Swinson pleads in shooting, murder
By Nick Hiltunen
Published in News on October 16, 2008 1:46 PM
Richard Lee Swinson, who pleaded guilty to firing gunshots into a Davy Boulevard apartment complex in Mount Olive and killing Jennifer Louise McArthur on June 30, 2005, is seen in Wayne County Superior Court on Wednesday.
A Mount Olive man pleaded guilty Wednesday in the death of Jennifer Louise McArthur, and received 15 years in prison for the crime.
Richard Swinson, 30, formerly of Hillsboro Street, was accused of firing multiple gunshots into an apartment on Daly Boulevard on June 30, 2005, in the early morning hours.
One of the shots, fired with a weapon of the same class as an AK-47, hit Ms. McArthur in the back, Assistant District Attorney Paige Rouse said.
The guilty plea came quickly during a 10-minute recess of the court, as defense attorney David Sutton began explaining the process of accepting a plea bargain at the defendant's table.

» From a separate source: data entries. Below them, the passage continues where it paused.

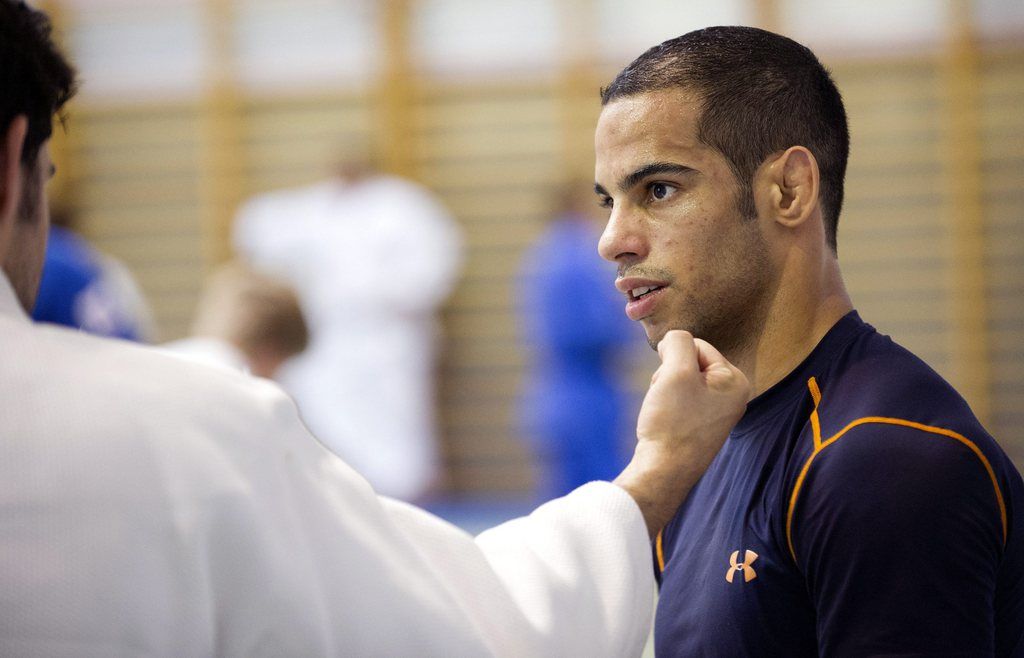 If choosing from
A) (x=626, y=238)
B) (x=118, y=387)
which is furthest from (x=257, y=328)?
(x=118, y=387)

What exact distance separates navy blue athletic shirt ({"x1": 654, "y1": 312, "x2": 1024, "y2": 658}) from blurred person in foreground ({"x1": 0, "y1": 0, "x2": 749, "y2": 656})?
34cm

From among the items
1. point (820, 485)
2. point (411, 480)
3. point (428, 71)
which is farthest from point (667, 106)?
point (428, 71)

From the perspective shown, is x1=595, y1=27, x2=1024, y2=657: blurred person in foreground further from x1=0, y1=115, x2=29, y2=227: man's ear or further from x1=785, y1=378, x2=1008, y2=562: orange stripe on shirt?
x1=0, y1=115, x2=29, y2=227: man's ear

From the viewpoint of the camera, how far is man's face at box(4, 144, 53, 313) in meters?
1.25

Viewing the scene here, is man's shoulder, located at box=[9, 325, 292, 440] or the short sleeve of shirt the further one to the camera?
the short sleeve of shirt

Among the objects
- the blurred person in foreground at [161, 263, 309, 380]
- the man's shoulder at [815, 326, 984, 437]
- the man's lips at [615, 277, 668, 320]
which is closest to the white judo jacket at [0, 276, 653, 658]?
the man's shoulder at [815, 326, 984, 437]

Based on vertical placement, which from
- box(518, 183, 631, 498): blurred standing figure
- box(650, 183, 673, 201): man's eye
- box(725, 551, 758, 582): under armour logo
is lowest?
box(518, 183, 631, 498): blurred standing figure

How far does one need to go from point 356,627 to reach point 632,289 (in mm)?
995

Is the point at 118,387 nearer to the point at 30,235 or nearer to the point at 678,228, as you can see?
the point at 30,235

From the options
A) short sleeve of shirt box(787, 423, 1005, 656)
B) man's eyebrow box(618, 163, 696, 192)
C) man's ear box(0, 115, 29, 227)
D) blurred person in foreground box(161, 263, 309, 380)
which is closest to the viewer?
man's ear box(0, 115, 29, 227)

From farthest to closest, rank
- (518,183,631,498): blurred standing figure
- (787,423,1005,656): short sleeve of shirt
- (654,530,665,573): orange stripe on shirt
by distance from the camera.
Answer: (518,183,631,498): blurred standing figure
(654,530,665,573): orange stripe on shirt
(787,423,1005,656): short sleeve of shirt

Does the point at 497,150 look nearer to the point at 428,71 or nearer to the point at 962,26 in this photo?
the point at 428,71

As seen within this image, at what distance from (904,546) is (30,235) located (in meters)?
1.16

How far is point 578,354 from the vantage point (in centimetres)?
704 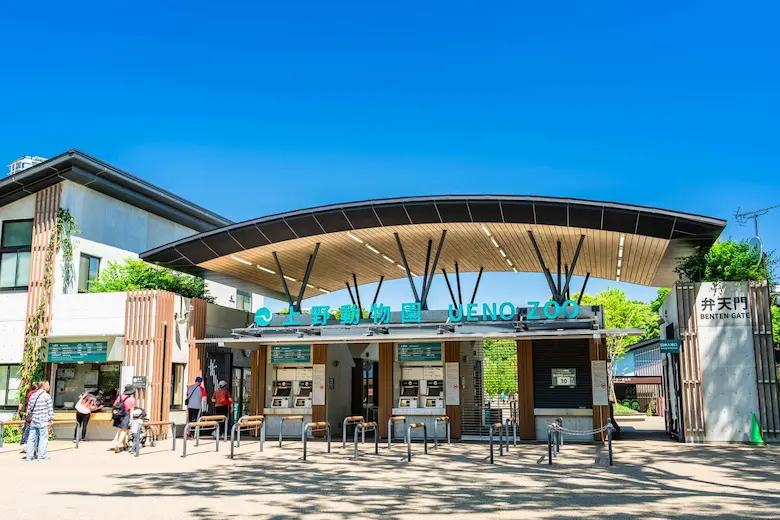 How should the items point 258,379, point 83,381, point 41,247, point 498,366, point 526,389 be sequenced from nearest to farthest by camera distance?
point 526,389 < point 83,381 < point 258,379 < point 41,247 < point 498,366

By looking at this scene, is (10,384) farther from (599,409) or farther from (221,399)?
(599,409)

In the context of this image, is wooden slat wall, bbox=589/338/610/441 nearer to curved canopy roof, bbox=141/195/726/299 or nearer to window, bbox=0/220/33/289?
curved canopy roof, bbox=141/195/726/299

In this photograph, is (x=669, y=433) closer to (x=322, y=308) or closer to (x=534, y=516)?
(x=322, y=308)

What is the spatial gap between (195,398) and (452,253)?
810 centimetres

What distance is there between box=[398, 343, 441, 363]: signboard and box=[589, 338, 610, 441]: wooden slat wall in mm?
3711

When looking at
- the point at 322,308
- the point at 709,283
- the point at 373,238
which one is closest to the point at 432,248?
the point at 373,238

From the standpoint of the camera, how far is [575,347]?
1758 centimetres

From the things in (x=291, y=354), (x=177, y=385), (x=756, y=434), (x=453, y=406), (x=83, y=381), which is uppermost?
(x=291, y=354)

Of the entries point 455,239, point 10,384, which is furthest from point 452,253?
point 10,384

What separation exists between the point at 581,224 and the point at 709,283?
3128 millimetres

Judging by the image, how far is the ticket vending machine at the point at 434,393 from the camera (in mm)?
18250

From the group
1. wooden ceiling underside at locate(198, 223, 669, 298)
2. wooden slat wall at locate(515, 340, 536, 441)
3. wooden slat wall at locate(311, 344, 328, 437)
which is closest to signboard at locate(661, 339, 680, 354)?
wooden ceiling underside at locate(198, 223, 669, 298)

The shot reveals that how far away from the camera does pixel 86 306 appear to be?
19.1 meters

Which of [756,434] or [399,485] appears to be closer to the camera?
[399,485] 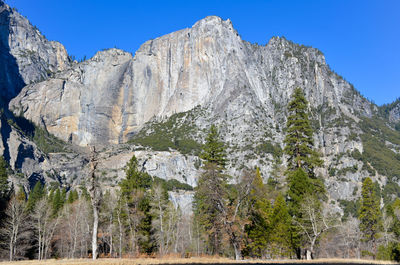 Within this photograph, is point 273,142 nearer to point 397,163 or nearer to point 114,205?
point 397,163

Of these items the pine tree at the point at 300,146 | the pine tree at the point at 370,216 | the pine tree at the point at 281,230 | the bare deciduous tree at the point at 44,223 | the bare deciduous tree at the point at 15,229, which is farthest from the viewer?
the bare deciduous tree at the point at 44,223

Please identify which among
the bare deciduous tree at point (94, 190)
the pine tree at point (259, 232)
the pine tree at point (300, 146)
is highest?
the pine tree at point (300, 146)

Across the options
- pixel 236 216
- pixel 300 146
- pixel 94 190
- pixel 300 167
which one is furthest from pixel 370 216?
pixel 94 190

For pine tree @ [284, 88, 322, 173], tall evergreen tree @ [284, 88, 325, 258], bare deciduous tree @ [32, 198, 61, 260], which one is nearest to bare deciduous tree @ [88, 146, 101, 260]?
tall evergreen tree @ [284, 88, 325, 258]

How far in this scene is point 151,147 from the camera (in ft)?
521

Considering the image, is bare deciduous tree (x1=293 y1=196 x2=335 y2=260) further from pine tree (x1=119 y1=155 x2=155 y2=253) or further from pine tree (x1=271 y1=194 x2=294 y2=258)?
pine tree (x1=119 y1=155 x2=155 y2=253)

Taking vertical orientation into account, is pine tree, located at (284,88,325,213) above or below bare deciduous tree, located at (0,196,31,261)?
above

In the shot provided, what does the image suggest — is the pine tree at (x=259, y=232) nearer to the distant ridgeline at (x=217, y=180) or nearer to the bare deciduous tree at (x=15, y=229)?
the distant ridgeline at (x=217, y=180)

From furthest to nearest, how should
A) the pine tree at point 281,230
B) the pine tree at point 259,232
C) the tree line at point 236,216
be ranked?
the pine tree at point 259,232 → the pine tree at point 281,230 → the tree line at point 236,216

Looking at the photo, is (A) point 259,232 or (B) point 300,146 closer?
Result: (A) point 259,232

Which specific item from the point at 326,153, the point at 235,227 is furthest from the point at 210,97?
the point at 235,227

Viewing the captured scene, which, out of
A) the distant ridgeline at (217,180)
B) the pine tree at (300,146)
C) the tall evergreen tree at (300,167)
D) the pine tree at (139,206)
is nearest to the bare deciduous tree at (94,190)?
the distant ridgeline at (217,180)

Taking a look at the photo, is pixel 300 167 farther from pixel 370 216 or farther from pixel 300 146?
pixel 370 216

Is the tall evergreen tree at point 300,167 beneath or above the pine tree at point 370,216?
above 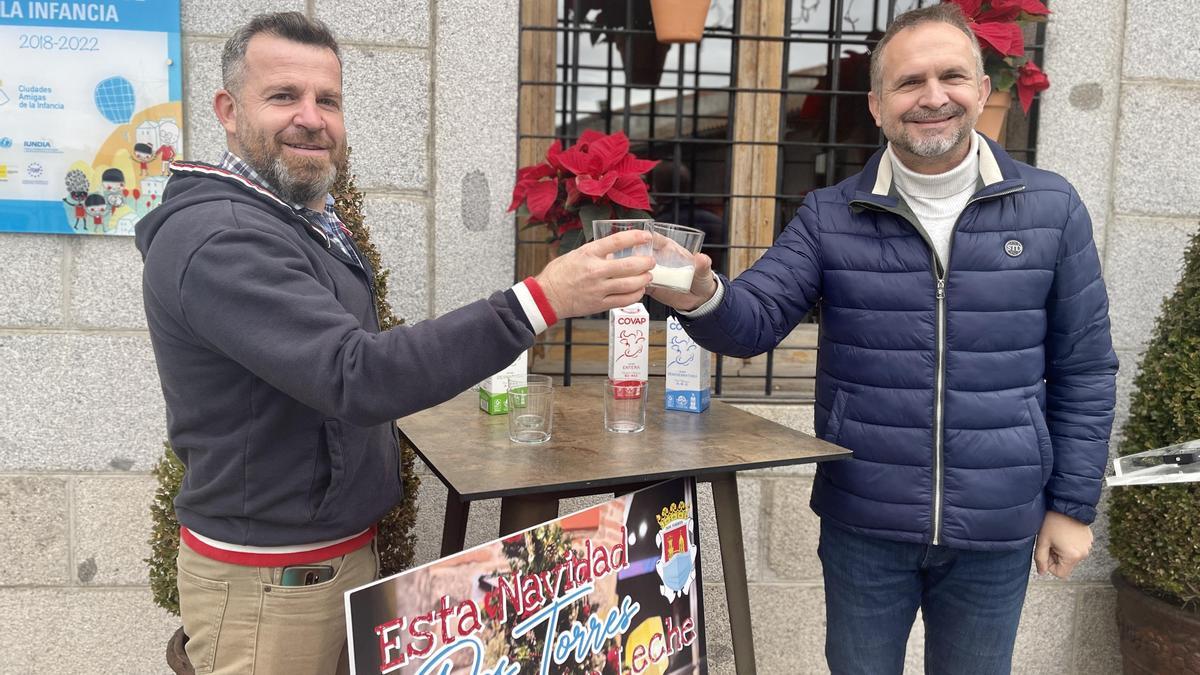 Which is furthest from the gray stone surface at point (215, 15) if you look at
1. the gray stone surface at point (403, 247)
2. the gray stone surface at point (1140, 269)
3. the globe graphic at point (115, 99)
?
the gray stone surface at point (1140, 269)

Ms. Rouse, the assistant district attorney, watched and listened to the exchange with tightly folded arms, and looked at law enforcement officers present with a grin.
The plea deal with prosecutors allowed Swinson to avoid life in prison with no chance of "post-release supervision," which replaced "parole" in 1994 when structured sentencing was enacted by law.
The agreement with prosecutors meant Swinson avoided a first-degree murder charge, pleading instead to second-degree murder, which carries a lighter possible sentence and a chance of one day getting out of prison.
Swinson's decision to take a plea came just after the testimony of former Mount Olive Police Detective Jimmy Stevens, who sat in a darkened courtroom and identified pictures of the crime scene.
Ms. Rouse, who refused to comment after completion of the trial, asked her questions quietly and succinctly, as she did throughout most of Swinson's proceedings.
"The bullet hole you just told the jury about -- where were they situated about on the apartment?" Ms. Rouse said to Stevens as he sat in the witness stand.
"They were ... in the bedroom and also one in the living room," Stevens said.
The district attorney asked permission to approach the detective on the stand and handed him a manila envelope, asking him if he could unseal it.
"When you open State's Exhibit 20-B, what do you find?" Ms. Rouse asked.
"Smaller evidence bags," the detective said.
"State's Exhibit 20-B-3, I would ask if you could identify that item that I'm handing you," Ms. Rouse said.
"An evidence bag containing a film canister case containing a lead projectile," the detective said in response.
The detective was asked to describe the chain of custody for evidence, and said that only two people had access to the evidence room at the time of the murder investigation, himself and Lt. Tommy Brown.
After the trial was over, Swinson's defense attorney said the state's case against him for murder was based on circumstantial evidence.
"They didn't have any fingerprints, DNA, no murder weapon, so did he do it, or didn't he do it, is based on circumstantial evidence," Sutton said.
At around 11:30 a.m. Wednesday, with the jury still at recess, Judge John E. Nobles Jr., learned of the plea arrangement upon he re-entering the courtroom.
"All right, that's fine," Nobles said on hearing of the plea deal, and asked the clerk to swear in Swinson, who was still standing next to his attorney at the defendant's table.
"Pursuant to the offer ... do you now plead guilty?" Nobles said.
"Yes, sir," Swinson said.
Swinson was asked if he had been coerced into giving the statement in any way other than the Assistant District Attorney's offer.
The judge also asked Swinson if he understood that the maximum sentence the judge could impose, regardless of any plea deal with prosecutors, could be 40 years in prison.
"Yes, sir," Swinson said in response.
"Do you understand, by your plea, you are giving up your valuable right to a (jury trial)?"
"Yes, sir," Swinson said.
Most of the civilian attendees of the trial refused comment to the newspaper during and after the proceedings.
A woman who identified herself only as the murder victim's aunt, attended the last day of the trial.
"I would think it would be appropriate that there would be an apology to the family," the aunt said.
Swinson did not offer an apology to the family after entering his guilty plea, and the judge did not probe for one.
The judge did, however, have a lengthy discussion with jurors after they re-entered the courtroom.
"Ladies and gentlemen, this case has been resolved without you making a decision," the judge told the jury when they returned. "I recognize that it is a heavy burden to carry. The defendant pled guilty to second-degree murder and was sentenced."
Nobles continued to speak to the jury for an extended period of time.
"(The plea deal) that resolves the case, and often resolves the case in the best fashion," Nobles said. "Any time that the two sides are against each other, and they work out an agreement, that's fine."